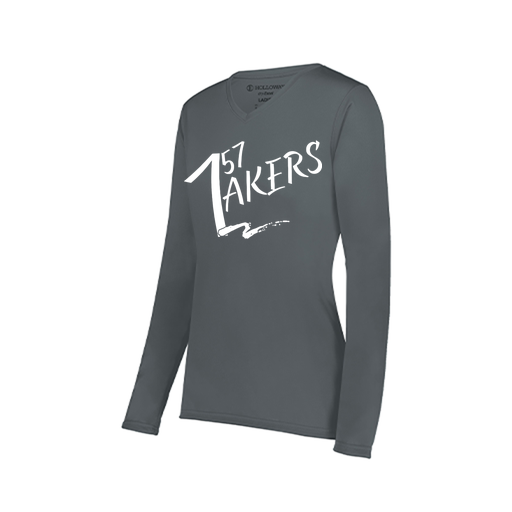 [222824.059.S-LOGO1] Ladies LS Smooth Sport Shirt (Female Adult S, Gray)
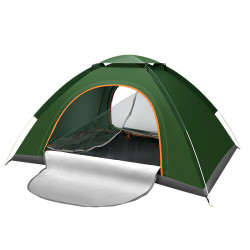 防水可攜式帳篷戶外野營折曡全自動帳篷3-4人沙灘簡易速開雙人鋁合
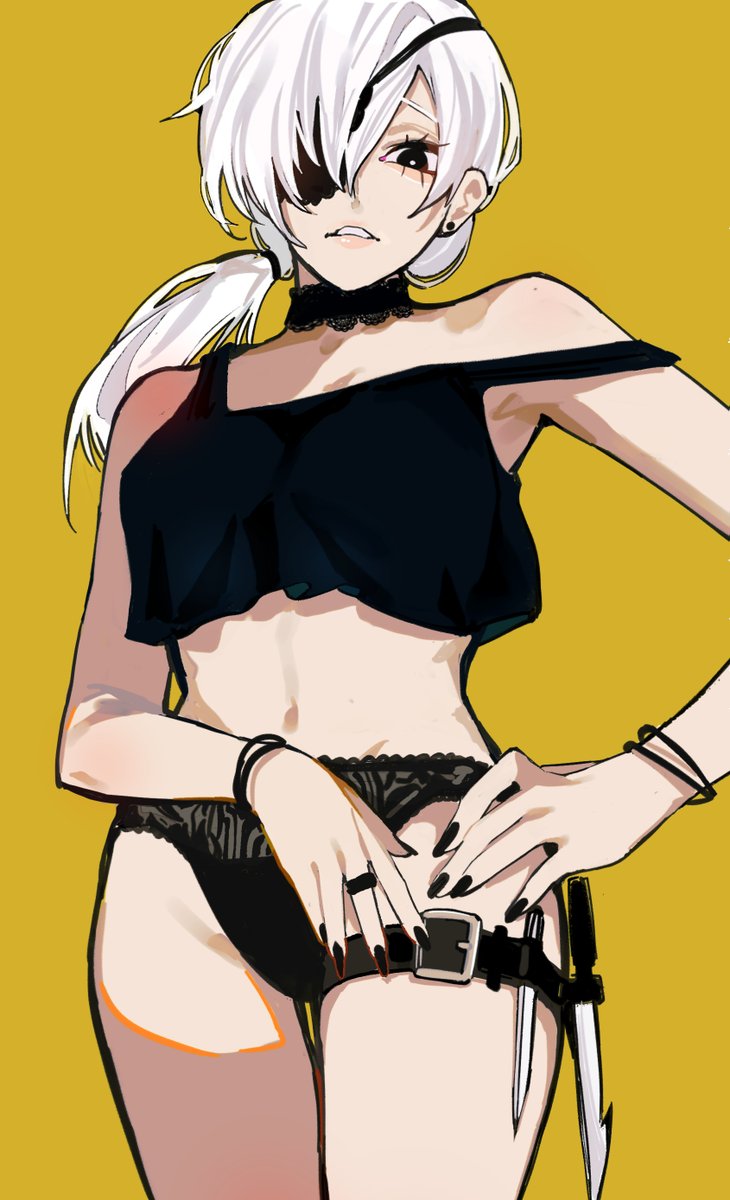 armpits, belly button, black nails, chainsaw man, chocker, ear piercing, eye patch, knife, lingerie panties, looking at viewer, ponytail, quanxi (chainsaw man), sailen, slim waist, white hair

-*-*-

Reprint the whole listing above exactly, taking out the pictures.

**Expected answer:**
 [222824.059.S-LOGO1] Ladies LS Smooth Sport Shirt (Female Adult S, Gray)
 防水可攜式帳篷戶外野營折曡全自動帳篷3-4人沙灘簡易速開雙人鋁合
 armpits, belly button, black nails, chainsaw man, chocker, ear piercing, eye patch, knife, lingerie panties, looking at viewer, ponytail, quanxi (chainsaw man), sailen, slim waist, white hair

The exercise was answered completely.